Record set ::
--------------------------------

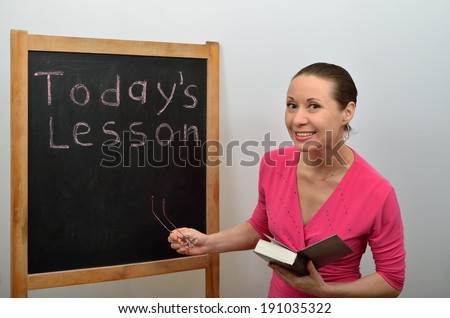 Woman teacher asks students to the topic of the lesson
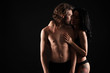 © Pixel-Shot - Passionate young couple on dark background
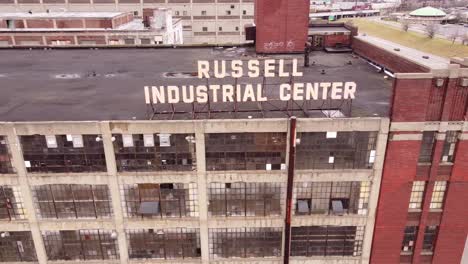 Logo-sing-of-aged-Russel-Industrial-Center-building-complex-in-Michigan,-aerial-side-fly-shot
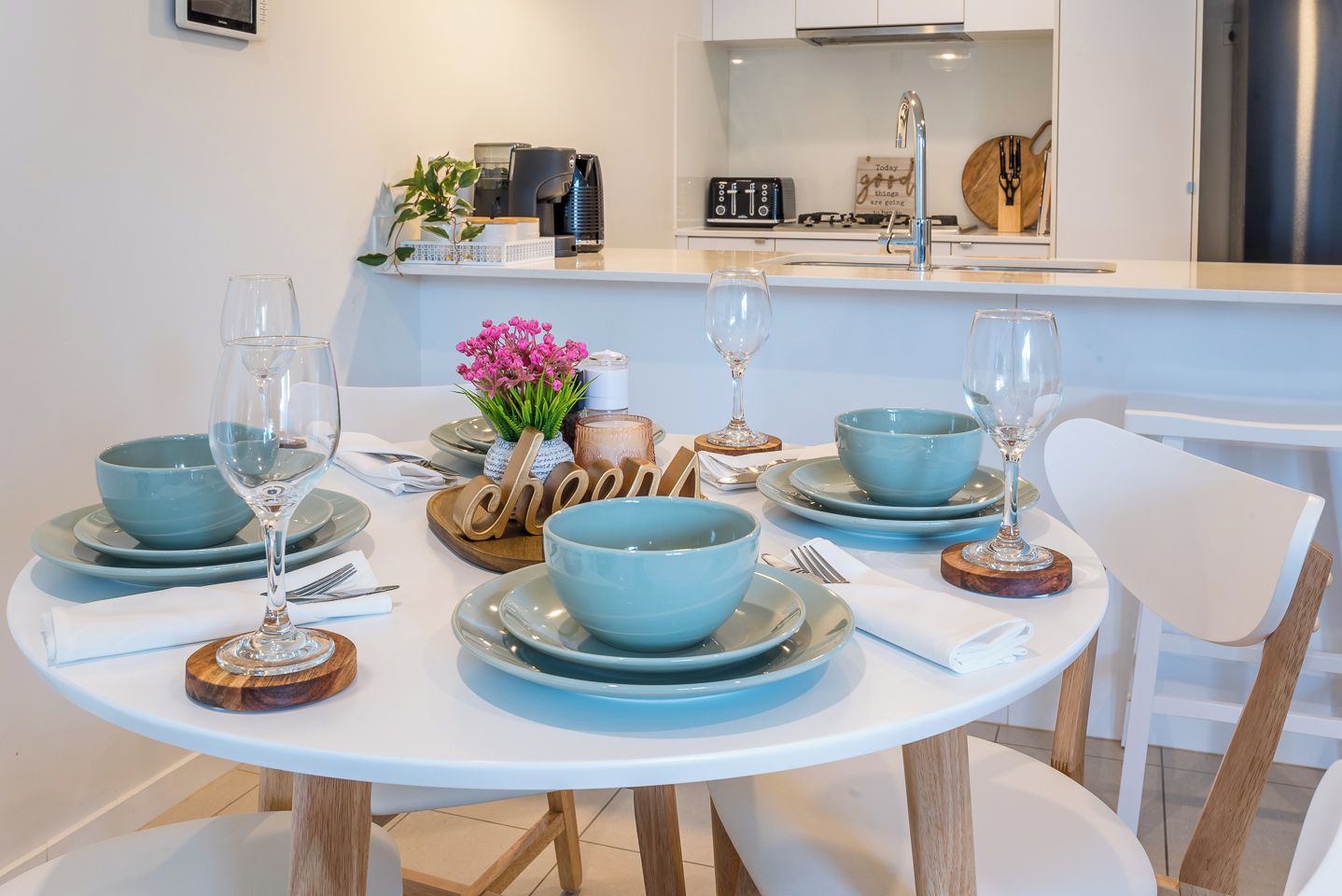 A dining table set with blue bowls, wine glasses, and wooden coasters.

--------------------------------

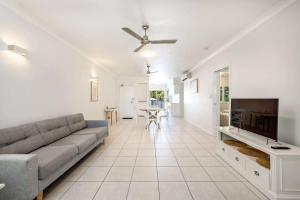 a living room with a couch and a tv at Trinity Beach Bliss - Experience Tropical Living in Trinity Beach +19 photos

--------------------------------

What you need to do :: Using the material above, reproduce only the lines that run from the line with "on dark background" up to and including the line with "A dining table", exactly, with the pictures dropped.

Your solution ::
 © Pixel-Shot - Passionate young couple on dark background
 Logo-sing-of-aged-Russel-Industrial-Center-building-complex-in-Michigan,-aerial-side-fly-shot
 A dining table set with blue bowls, wine glasses, and wooden coasters.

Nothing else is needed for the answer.